I was cleaning out the garage and found some old stuff, including a written account of a trip I took to observe at the Parkes Observatory radiotelescope as a summer student in 1989. So, without further ado:
Hooray! I’d been accepted for a summer vacation scholarship at the Australia Telescope National Facility. This means a wonderful opportunity to engage in some scientific research and to gain experience in working in professional astronomy. There’s also the small matter of earning three hundred bucks a week…
It was all set. I was to begin working on Monday, the 4th of December. That gave me a week off after my last exam at uni. Whoah, a holiday! When was the last time I had one of those?
During my exams, I received a phone call from my ATNF supervisor, Dick Manchester (the man who was once heard to say, “There are more things in life than pulsars.” This is a second hand account, so its veracity is to be questioned).
“How would you like to go to Parkes?” he asks.
“Great, when?”
“November 27.”
There goes the holiday! But wait, I have already planned to do things with friends nearly every day of that week. The last thing was an ice skating trip on the Friday, the 1st of December. I said I was busy until at least then.

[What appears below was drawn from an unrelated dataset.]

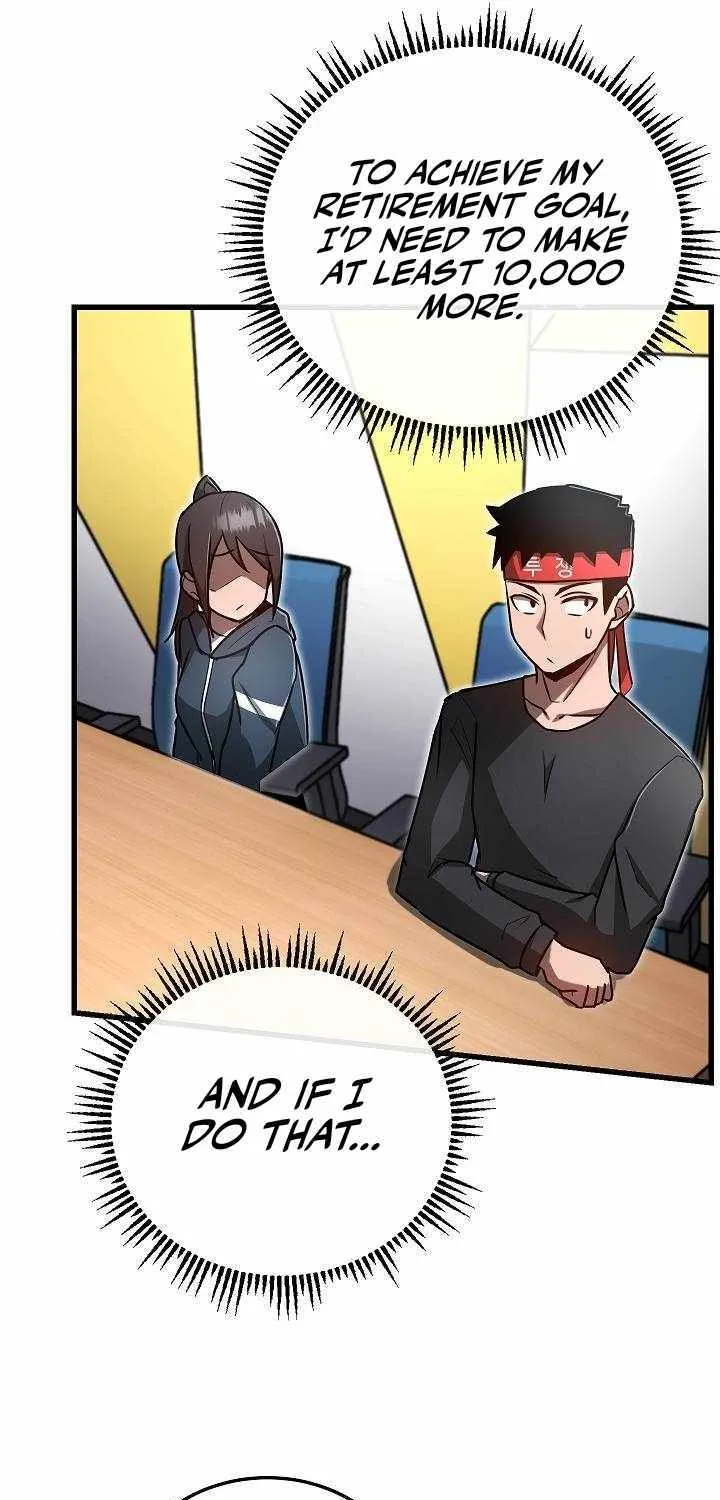 How to Retire as a Disaster Necromancer Chapter 7 page 10 -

“Well, do you want to fly up on Friday evening?”
I’m not one to knock back a free plane trip, so on the appointed Friday there I was, sitting in a minute ten-seater plane with blistered feet and aching legs from the skating and almost falling asleep due to the several late nights just gone. (I’d just made the plane by a mere ten minutes, but that’s another story.)
An hour later and the plane had touched down at Parkes. There were about six cars and a dozen or so people waiting for their friends and relatives. I hadn’t the foggiest who would meet me and take me out to the telescope. Walking across the tarmac, I noticed one guy whose sloppy joe was emblazoned with a star-field and a radiotelescope dish. Okay, that was easy enough.